A regrettable change for me in music is the disappearance of the humorous calypso. I remember like yesterday hearing a calypso recording for the first time in my aunt’s rum shop at Hague. I must have been about 9 or 10 but the song caught me instantly on two levels: one was the lilting, floating calypso drum pattern – strong Africa with a Latin touch – and the other was the striking humour in the lyrics (I think the singer was Tiger). The song was based on an incident in Trinidad with two kaiso men – Tiger and Roaring Lion – on an excursion boat that ran into rough seas and nearly sank. The first verse went:
“I went to Grenada on an excursion,
it was the Lion that put me in the confusion
When I think we going on a serious boat,
it was a stupid contraption that could hardly float
I had to put me life-belt under me head
‘Cause the rocking of the schooner nearly kill me dead.”
I had heard a range of music on the radio, but this was a record on the shop’s gramophone and it was my first introduction to this amazing music with this juicy beat and hilarious lyrics. It was a new world opening up to me, I couldn’t get enough of it. In the years that followed, I remained enthralled by the humour that was an essential ingredient of the music, and the grip on me grew as I discovered Spoiler and Atilla and, of course, in later years, Lord Funny and Dougla and Chalkdust.
Cultures change and we have to change with them, often waving goodbye to what previously consumed us, and while I’m not one of those who rail against the shift in music today to emphasizing “dance” and “party time” above all else, I see the disappearance of humour from our popular music of the day as a loss. For one thing, popular music generally was dealing almost totally with love or emotion or mood, whereas, in calypso, almost any subject one could think of was fertile ground for the gifted song-writer. A ship sinking in the Gulf of Paria; the Police Force in Trinidad receiving a hefty pay raise; a steelband clash in Port-of-Spain with bottles flying and panmen ducking; stories of conmen, or famous politicians; all of these and more were the subjects of popular calypsos. Everything and anything was fair game, and the hilarity often coming to serious topics was a thing of joy as well as amazement for the ingenuity of the writer. King of the crop, The Mighty Spoiler, was one of the best but there were many of his ilk, including, in later years, Guyana’s King Fighter.
Of course, with the introduction of double entendre, even sexual topics became completely accessible to the clever song-writer and songs from that genre naturally prevailed, our own Lord Canary with his Doctor Beckles and his double-identity “Injection” being but one example.

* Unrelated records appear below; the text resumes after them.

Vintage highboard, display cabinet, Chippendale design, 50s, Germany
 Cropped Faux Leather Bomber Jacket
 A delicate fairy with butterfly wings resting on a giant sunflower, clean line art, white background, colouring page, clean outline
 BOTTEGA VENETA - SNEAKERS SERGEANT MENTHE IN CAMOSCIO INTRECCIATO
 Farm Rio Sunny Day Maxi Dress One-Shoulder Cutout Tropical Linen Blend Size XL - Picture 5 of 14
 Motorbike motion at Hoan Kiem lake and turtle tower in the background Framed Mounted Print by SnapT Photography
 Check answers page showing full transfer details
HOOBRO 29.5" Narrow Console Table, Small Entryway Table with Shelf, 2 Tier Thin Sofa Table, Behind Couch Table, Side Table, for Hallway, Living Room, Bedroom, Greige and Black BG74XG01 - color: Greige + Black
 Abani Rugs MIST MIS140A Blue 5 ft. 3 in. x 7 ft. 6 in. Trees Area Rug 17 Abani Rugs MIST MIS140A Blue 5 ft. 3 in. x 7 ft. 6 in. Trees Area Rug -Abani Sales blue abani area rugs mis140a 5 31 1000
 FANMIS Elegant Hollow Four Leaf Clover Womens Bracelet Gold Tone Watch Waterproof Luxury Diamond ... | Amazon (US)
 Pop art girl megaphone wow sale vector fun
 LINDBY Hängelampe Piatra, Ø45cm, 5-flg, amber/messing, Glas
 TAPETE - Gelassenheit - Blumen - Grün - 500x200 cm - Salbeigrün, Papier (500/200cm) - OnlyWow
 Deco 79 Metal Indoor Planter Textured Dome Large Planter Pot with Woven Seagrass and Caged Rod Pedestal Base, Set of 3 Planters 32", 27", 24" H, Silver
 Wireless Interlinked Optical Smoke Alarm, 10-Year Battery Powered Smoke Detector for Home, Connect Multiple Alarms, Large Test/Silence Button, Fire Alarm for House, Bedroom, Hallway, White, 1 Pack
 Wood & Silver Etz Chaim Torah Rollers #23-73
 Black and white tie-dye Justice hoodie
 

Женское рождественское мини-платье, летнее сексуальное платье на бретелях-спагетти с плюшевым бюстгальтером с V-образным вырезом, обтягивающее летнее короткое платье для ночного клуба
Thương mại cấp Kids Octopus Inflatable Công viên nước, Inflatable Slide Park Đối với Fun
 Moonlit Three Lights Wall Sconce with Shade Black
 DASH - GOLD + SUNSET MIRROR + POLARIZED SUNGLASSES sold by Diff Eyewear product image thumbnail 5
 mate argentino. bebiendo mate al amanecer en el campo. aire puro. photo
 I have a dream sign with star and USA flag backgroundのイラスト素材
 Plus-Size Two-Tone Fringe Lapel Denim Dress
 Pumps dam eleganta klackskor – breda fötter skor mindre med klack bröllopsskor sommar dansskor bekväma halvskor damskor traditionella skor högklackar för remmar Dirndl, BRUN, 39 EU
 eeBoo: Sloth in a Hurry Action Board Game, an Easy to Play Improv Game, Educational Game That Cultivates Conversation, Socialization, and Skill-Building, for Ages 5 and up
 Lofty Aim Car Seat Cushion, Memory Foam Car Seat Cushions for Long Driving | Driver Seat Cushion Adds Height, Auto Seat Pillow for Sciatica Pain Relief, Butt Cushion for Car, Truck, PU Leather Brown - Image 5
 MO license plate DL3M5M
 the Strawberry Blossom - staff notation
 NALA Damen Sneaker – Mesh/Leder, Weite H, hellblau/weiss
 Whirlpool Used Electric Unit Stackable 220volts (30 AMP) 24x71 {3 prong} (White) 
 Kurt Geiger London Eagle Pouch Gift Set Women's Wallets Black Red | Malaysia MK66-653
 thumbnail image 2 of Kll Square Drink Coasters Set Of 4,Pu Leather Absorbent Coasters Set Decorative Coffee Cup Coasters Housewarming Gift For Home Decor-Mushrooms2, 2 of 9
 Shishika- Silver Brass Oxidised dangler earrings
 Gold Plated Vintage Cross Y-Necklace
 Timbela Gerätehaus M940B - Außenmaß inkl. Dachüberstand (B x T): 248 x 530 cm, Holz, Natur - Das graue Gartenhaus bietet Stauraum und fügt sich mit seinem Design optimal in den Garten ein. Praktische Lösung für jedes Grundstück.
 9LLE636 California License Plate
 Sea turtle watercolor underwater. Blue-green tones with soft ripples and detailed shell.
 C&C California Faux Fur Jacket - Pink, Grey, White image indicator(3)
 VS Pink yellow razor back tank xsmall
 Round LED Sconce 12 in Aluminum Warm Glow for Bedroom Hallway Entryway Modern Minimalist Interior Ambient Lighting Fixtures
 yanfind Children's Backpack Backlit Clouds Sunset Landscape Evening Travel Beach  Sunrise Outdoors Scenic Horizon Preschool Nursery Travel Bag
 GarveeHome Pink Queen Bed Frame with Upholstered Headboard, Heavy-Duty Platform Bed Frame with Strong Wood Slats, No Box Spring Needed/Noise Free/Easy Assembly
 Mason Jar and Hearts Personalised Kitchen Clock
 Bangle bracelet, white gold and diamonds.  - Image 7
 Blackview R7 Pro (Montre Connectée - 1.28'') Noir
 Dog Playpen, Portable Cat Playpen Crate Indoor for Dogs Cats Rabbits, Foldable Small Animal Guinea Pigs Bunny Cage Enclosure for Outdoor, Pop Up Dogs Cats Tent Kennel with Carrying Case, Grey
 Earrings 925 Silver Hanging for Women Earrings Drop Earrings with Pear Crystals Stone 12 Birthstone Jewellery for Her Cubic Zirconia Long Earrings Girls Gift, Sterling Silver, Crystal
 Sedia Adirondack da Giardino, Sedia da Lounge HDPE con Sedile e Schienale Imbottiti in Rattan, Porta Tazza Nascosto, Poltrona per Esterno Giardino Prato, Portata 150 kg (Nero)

Double entendre writing – with one set of lyrics having two completely different meanings – as in my song “Honeymooning Couple” – is a specialized art that seemingly lives naturally in the Trinidadian culture, and is a phenomenon that doesn’t exist, in that form, anywhere else in the world. It is unique.
It is in its straightforward humour, however, in dealing with societal matters, that calypso particularly shines. It must also be noted that these pieces of music not only entertained, and even educated citizens about current issues, but they were also danceable. One could argue that today’s music has more pulse, propels more energy with its faster tempos, than old-time calypso, but the disappearance of humorous calypso is a loss. Songs such as “Farmer Brown” by Lord Funny and “Steelband Clash” by Lord Blakie are works of genius as well as humour. In particular, they allow the social commentator, using that umbrella of humour, to parade before us and make points about a very serious consideration for the nation – Sparrow’s “Dan is the Man in Van”, for instance or Dougla’s “Lazy Man” or, “Ram Goat Baptism” (the writer’s name eludes me). In our time, for example, when the management of West Indies cricket is causing huge controversy, I could come to that touchy subject and pronounce as I did in a kaiso seven years ago:
“You run the cricket shop on the rocks, alyou take a rest
You make a rasta cuff off he locks, alyou take a rest
You demoralizing I and I, you make Holding and Viv Richards cry
Greenidge cut up he maroon tie, alyou take a rest.”
Notice that if I wrote those words in a serious vein I would be criticized by some; but when I put them in a calypso, folks laugh and applaud; they even play it on the radio. In today’s popular music, we don’t have that. In a time when there is so much to make you cringe, losing such a trenchant source of laughter has to be a major loss.